For many people parallelism is a subject they haven’t heard of before, so here are some practical tips from one of the experts of The Economist GMAT Tutor. Steve has been tutoring students on the GMAT and GRE for 12 years. He scored 770 on the GMAT, a score that is in the top 1% worldwide.

1. The Problem

Consider the following question:

Practitioners of many ancient world religions, like their modern day counterparts, believed human life to be a term for the preparation of the soul for another form of existence in the afterlife rather than seeing existence as the random but brief result of biological procreation.

How can this be recognized as a parallelism question? The key words here are “rather than”. This indicates that two things are being considered. Those two elements should have the same—or parallel—structure. Parallelism requires that the elements that are parallel should have a similar part of speech (e.g. nouns, conjugated verbs, adjectives, etc.) or structure (e.g. clauses, modifying phrases, etc.). Here, the first part of the sentence uses the phrase “believed human life to be a term”. After “rather than”, the structure starts with “seeing”. You can immediately identify these two structures as not parallel. "Believed" is a conjugated verb, and "seeing" is an unconjugated verb that serves as a modifying phrase.

2. The Solution

Look at the correct option:

that human life was a term for the preparation of the soul for another form of existence in the afterlife rather than a random and

“To be” is changed to the conjugated verb “was,” which now applies to both sides of the sentence. The two sides are “a term” and “a random and brief result.” “Term” and “result” are nouns and the option is therefore parallel. The adjectives before "result" are not a part of the parallel structure, as they simply describe the noun result, which is the second element of the parallelism.

Therefore it is crucial that when you have a list of two or more elements or have certain structures that compare, equate, or contrast elements (e.g. "rather than," "not only... but also," "as...as," etc.) that the elements all be parallel.

3. Learn something else

Before we leave this question, let’s learn as much as we can from it. Notice the sentence as written has “random but”, and the correct option has “random and”. “But” introduces a contrast. You must ask yourself whether there is a contrast here or not.
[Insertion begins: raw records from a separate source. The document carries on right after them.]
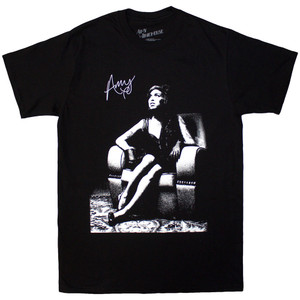 Amy Winehouse Unisex T-Shirt: Chair (Black) Amy Winehouse Unisex T-Shirt: Chair (Black)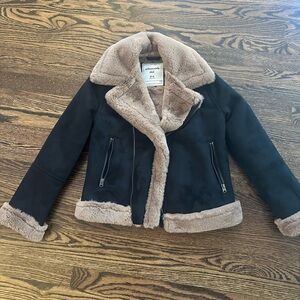 Abercrombie Kids Black and Brown Puffer Jacket size 9-10
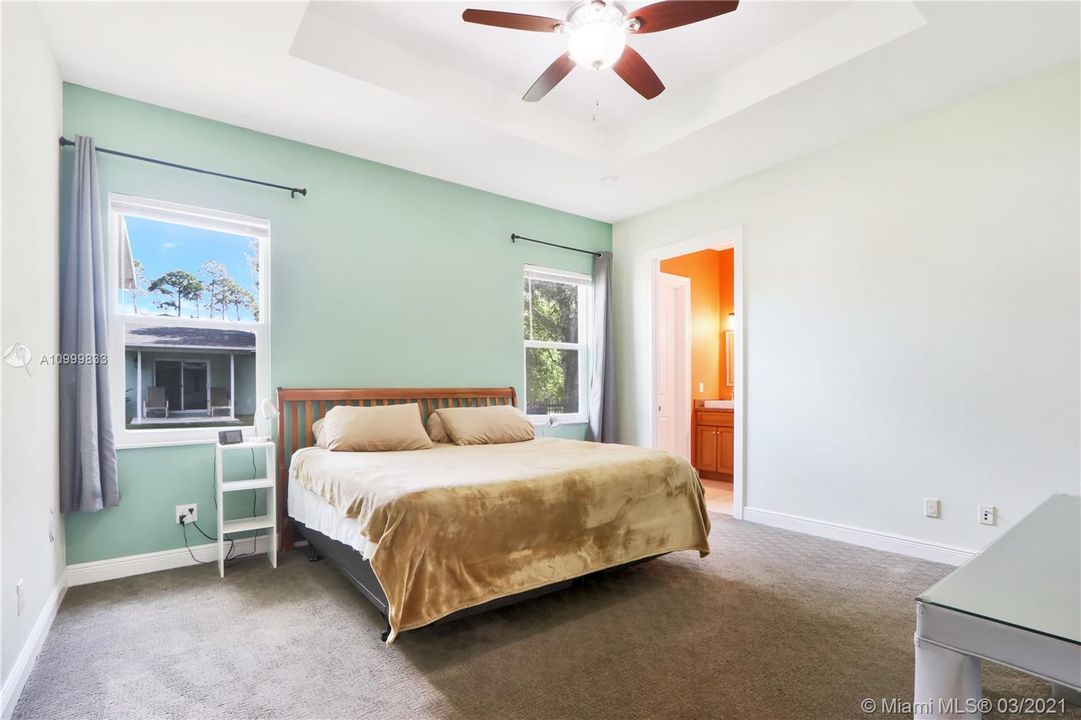 Recently Sold: $649,900 (5 beds, 3 baths, 2569 Square Feet)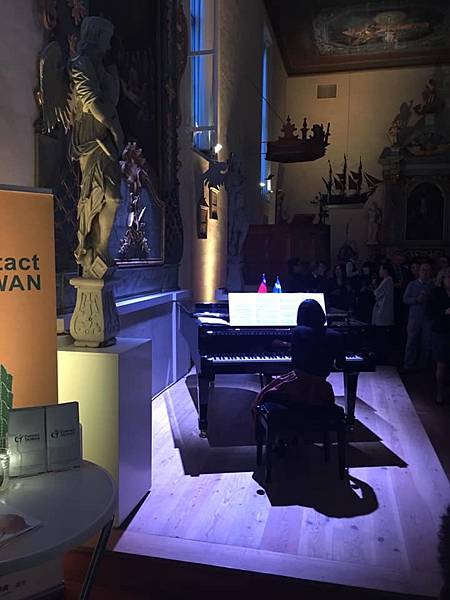 2019-10-03 23.26.41.jpg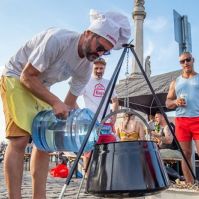Harminc éve közös bogrács mellett ünnepelnek Baján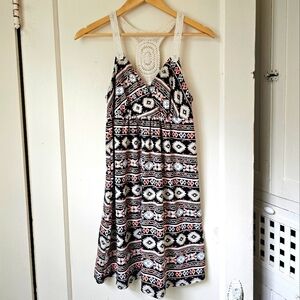 Black/Pink geometric dress w/ crochet straps/back (M)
The words “random” and “brief” do not imply a contrast, so they are joined by “and”, rather than “but”.

When preparing, many test takers rush through questions, and as soon as they have the correct answer, they move on. You can learn so much from each question. Take a few moments to consider why all wrong options are in fact wrong. This way you will be learning as much as you can from each question you look at. You also may not always know what the correct answer is but you can eliminate other answer choices that you know are flawed.